Iga Swiatek is consolidating as a figure of world tennis

Iga Swiatek has managed to lay the earth at her feet. The Pole, winner of her third Roland Garros, her fourth Grand Slam, thus consolidates her status as the best tennis player of the moment, with a very complete game that bears fruit on clay.

At the age of 22, Suzanne Lenglen, the youngest tennis player to collect three cups since Moncia Seles, has already managed to carve out a place for herself as a legend on a women’s circuit characterized by volatility. Swiatek is the first player to repeat three wins since Serena Williams in 2015 and the first to record two wins since Belgium’s Justine Henin in 2006, assuming hegemony was slow to take off.

The one from Warsaw has 63 weeks as No. 1 to his name and 61 Grand Slam wins before just 13 losses, the first to rack up so many major tournament wins since Williams, making him the figure to beat in all the tournaments he has played. plays.

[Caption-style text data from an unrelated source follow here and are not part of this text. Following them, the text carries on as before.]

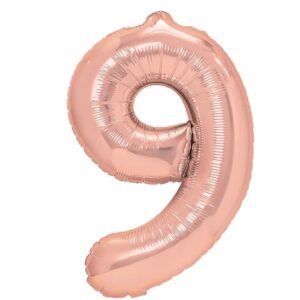 Balon din Folie Metalizata Flippy, Figurina Cifra, Tema Aniversare 40 cm, Ambalaj Individual, Pai inclus, Umflare cu Aer sau Heliu, Rose Gold, Cifra 9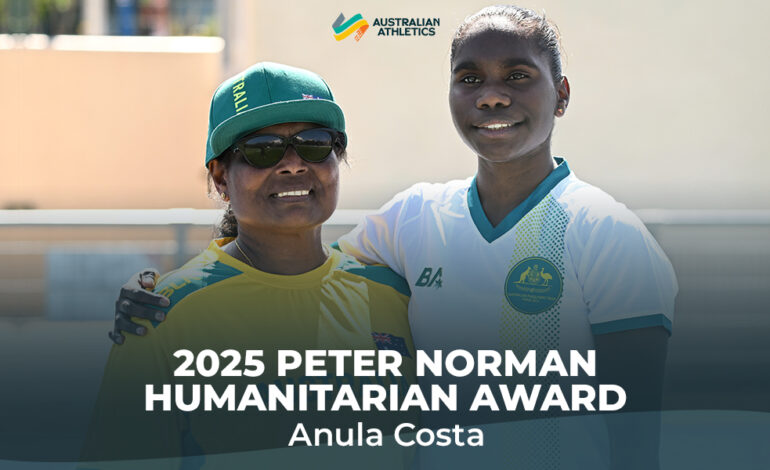 VICTORIA’S ANULA COSTA HONOURED WITH PETER NORMAN HUMANITARIAN AWARD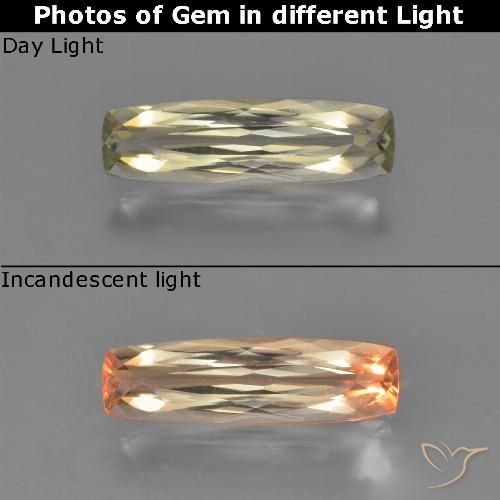 1.30ct 天然 ライトイエロー カラーチェンジディアスポラ, クッション, VS
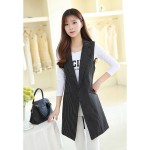 Women Long Vest Coat 2016 Korean Fashion European Elegant Office Suits Casual Sleeveless Jacket Female Waistcoat Colete Feminino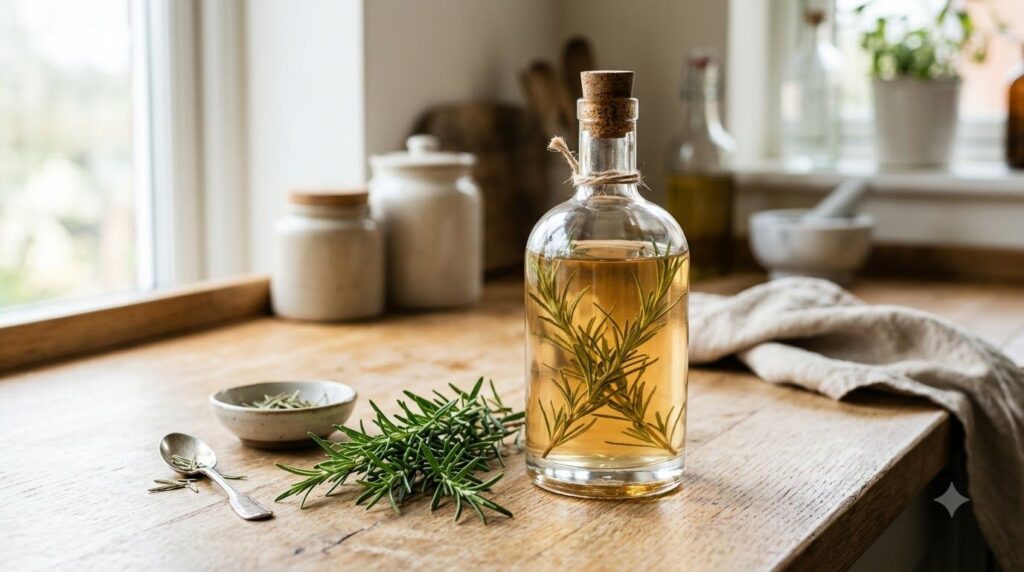 A glass bottle or jar filled with the clear pale amber rosemary infusion with some fresh rosemary sprigs placed next to 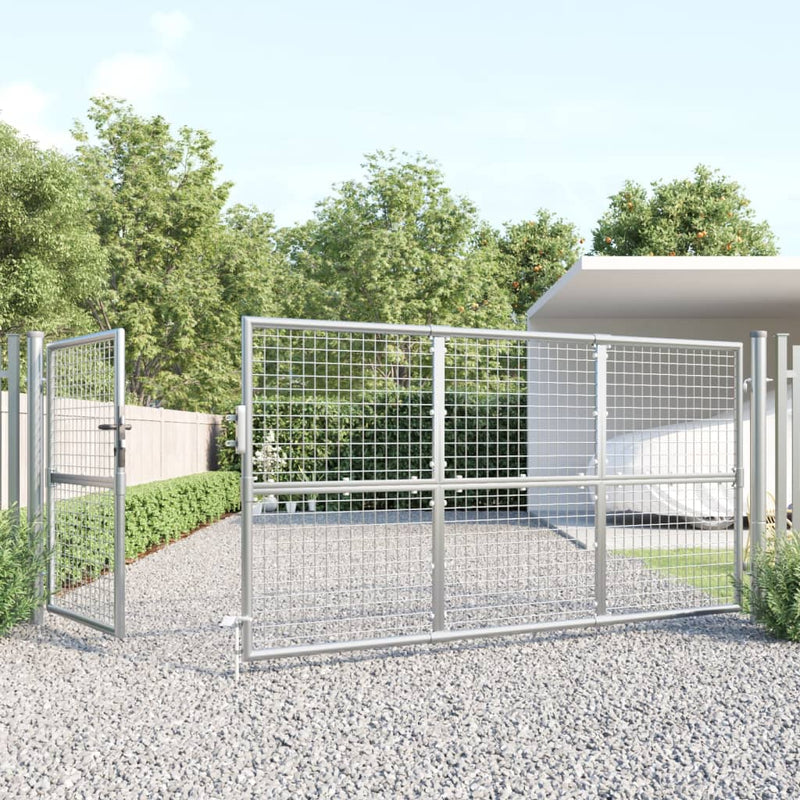 Load image into Gallery viewer, VidaXL Tuinpoort 350x175 cm gaas en gegalvaniseerd staal zilverkleur
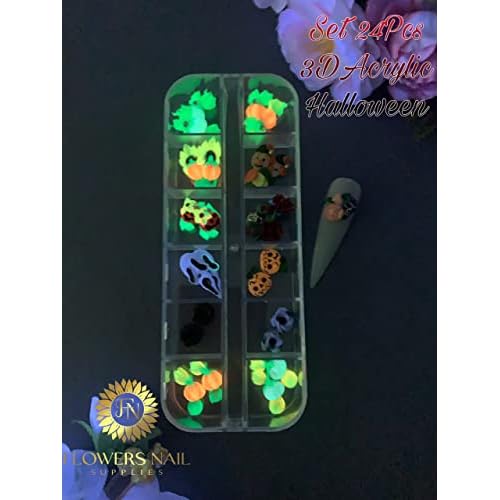 24Pcs 3D Acrylic Halloween Nail Art Charms Handmade by Acrylic Powder (Halloween1-24Pcs)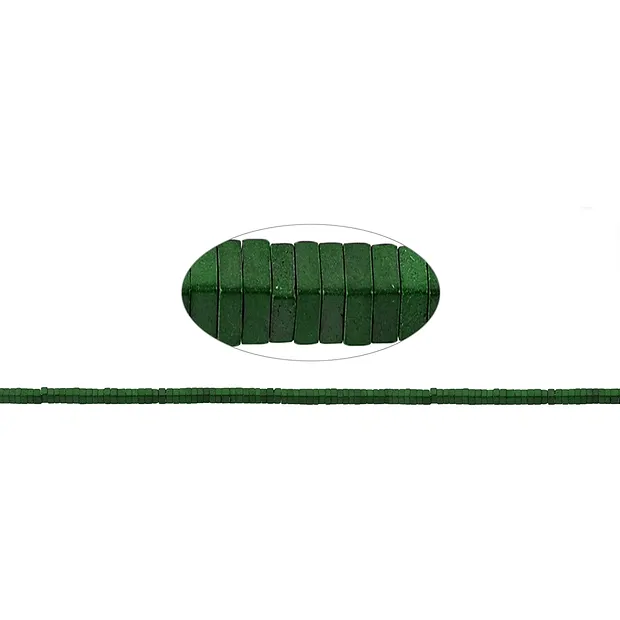 Strand cuboid, hematin blue-green (dyed) matt, 01 x 02 x 02mm | Marco Schreier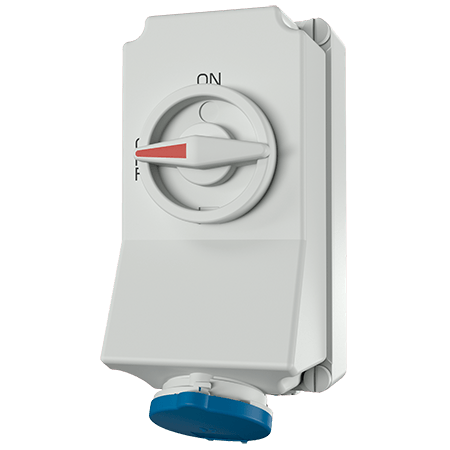 Ổ  cắm công nghiệp có khóa liên động, loại không kín nước, 1 pha - 16A - 3 chân - IP44 - Mã 7002A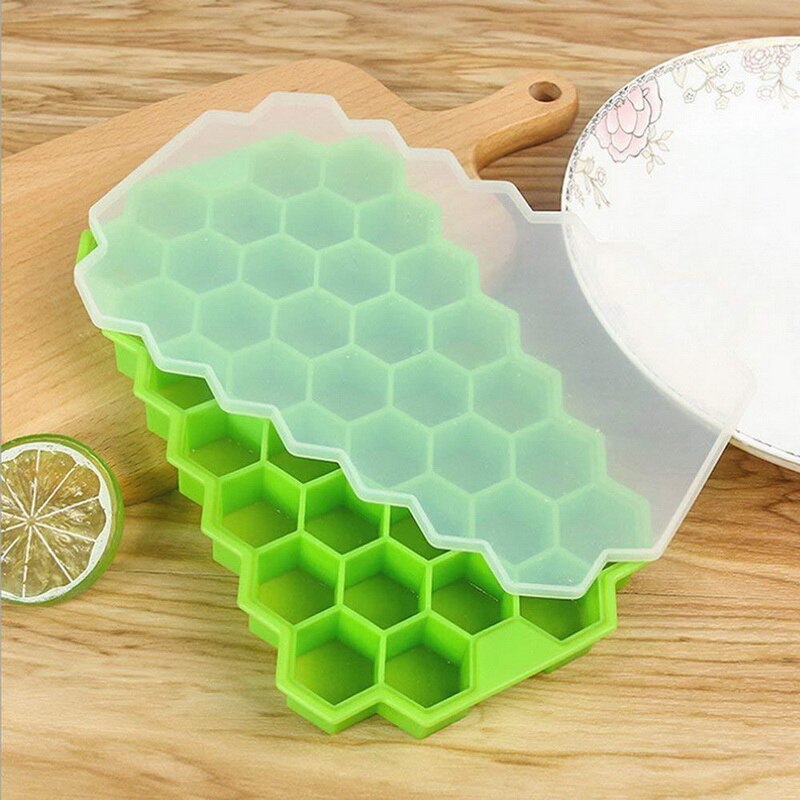 37 Cavity Ice Cube Tray Honeycomb Ice Cube Mold Food Grade Flexible Silicone Ice Molds for Whiskey Cocktail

Over the years, the young admirer of Rafa Nadal, who landed in 2020 slightly dazed by the grandeur of the tournament, has become his great figure, able to master all the details.

“As the game goes on, I feel less pressure,” Swiatek assured before playing the semifinal against Brazilian Beatriz Haddad, not knowing that the last two steps would be the most compromised.

Because the Pole still has some progress to make in terms of controlling her emotions, as she herself admits, a pending issue that comes at a very young age, when after winning the Wimbledon junior final in 2018, she discovered many lights on her back .

Studying, training and competing at the highest level was too much for this AC/DC and Pink Floyd fan who usually hits the dance floor to the chords of Guns N’ Roses’ “Welcome to the jungle.”

WARRIOR ON EARTH

When she steps on clay, Swiatek becomes a warrior who can combine great physical strength with tremendous tactical intelligence.

Thus he won his first Grand Slam in Paris, like his admired Nadal, at the age of 17 when he started it and 18 when he finished it, since he meets on May 31, in the middle of the tournament, three days before the Mallorcan .

The battle against the pressure killed her the following year, when she came in as the big favorite after a win in Rome, but went down in the quarter-finals with a bang against the Greek Maria Sakkari.

Lesson learned on the third attempt, as he landed in Paris on a record winning streak (which he finally stopped at 37 when he fell at Wimbledon) to lift his second trophy without a shake.

After winning her third Grand Slam in the United States, she fell to Kazakhstan Elena Rybakina at the Australian Open in the round of 16 and arrived at Roland Garros with doubts, but contact with the clay court in Paris revived her ambition .

Swiatek has learned to live with pressure, which makes him a winning machine.

The daughter of a paddler who played in the rowing final at the 1988 Olympic Games, she devoted herself to tennis with the ambition of winning over her sister, who was the pioneer in the family with a racket in her hands.

A fan of sailing, it had become a sports psychologist with former captain Daria Abramowicz, with whom she managed to control her nerves.

Very discreet when it comes to her private life, not very present on social networks for a player her age, Swiatek has broken her silence to refer to matters in the international sphere, such as the war in Ukraine.

After criticism that the tennis bodies were a bit chilly about it, a bow in Ukraine’s colors adorns the cap she uses to pop onto the court in a clear message from the world tennis leader.